During his January visit to the region, Zarif pushed for talks in a three plus three format involving Azerbaijan, Armenia and Georgia, on the one hand, and Russia, Turkey and Iran, on the other. All except Georgia expressed their willingness to take part. During this visit, the Iranian diplomat is focusing on tensions along the Armenian-Azerbaijani border.
Other Iranian politicians have expressed similar concerns about border changes in the Caucasus, but Russian experts doubt that Zarif will be able to play any significant role in calming the situation, given that Iran faces presidential elections on June 18 and they are likely to bring to power a new government in which Zarif will play no role.

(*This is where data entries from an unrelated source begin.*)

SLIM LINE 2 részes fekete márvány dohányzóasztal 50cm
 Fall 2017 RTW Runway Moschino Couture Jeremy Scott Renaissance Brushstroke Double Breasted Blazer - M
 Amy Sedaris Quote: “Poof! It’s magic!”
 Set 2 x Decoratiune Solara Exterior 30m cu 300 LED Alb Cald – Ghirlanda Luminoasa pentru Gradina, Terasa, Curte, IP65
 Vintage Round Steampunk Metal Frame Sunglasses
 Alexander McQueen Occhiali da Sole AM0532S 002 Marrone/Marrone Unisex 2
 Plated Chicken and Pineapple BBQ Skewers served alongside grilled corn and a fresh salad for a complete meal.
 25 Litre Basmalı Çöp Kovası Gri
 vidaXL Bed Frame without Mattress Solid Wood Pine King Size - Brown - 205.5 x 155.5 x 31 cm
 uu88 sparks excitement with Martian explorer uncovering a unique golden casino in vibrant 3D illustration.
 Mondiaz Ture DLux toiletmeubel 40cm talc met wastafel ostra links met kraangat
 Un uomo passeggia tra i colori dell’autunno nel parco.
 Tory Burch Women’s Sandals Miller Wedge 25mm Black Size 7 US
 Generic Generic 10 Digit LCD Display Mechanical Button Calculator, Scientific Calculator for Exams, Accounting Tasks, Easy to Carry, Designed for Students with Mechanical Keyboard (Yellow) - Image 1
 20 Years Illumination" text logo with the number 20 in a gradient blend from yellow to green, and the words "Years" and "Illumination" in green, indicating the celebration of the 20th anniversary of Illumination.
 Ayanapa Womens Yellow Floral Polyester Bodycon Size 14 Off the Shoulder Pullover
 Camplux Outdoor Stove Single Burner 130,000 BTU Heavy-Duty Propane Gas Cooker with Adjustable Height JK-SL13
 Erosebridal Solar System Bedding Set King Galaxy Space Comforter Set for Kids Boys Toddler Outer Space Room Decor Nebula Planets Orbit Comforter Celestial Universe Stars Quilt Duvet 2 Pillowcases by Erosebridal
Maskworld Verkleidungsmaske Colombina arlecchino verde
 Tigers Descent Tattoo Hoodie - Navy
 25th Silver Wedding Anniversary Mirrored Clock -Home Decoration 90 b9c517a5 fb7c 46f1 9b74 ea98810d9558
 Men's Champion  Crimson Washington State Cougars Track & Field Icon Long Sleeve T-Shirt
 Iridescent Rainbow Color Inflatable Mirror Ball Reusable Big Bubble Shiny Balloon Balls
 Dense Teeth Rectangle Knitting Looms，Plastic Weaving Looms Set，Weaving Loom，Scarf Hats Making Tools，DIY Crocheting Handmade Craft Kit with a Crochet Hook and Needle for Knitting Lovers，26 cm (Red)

As a result, Moscow Middle East expert Aleksandr Knyazev says, nothing Zarif says now is likely to carry much weight; and his visits to Yerevan and Baku are certain to be viewed by his hosts as nothing more than an information-gathering action. There won’t be any new agreements signed or moves to a broader group of participants in talks.
Iran wants stability because it has significant trade relations with Azerbaijan despite its concerns about Baku’s relationships with Turkey and Israel. Its ties to Armenia are far smaller, but Tehran does not want to lose its border with Armenia, something that would happen if Azerbaijan took the Zengezur corridor between Azerbaijan proper and Nakhichevan.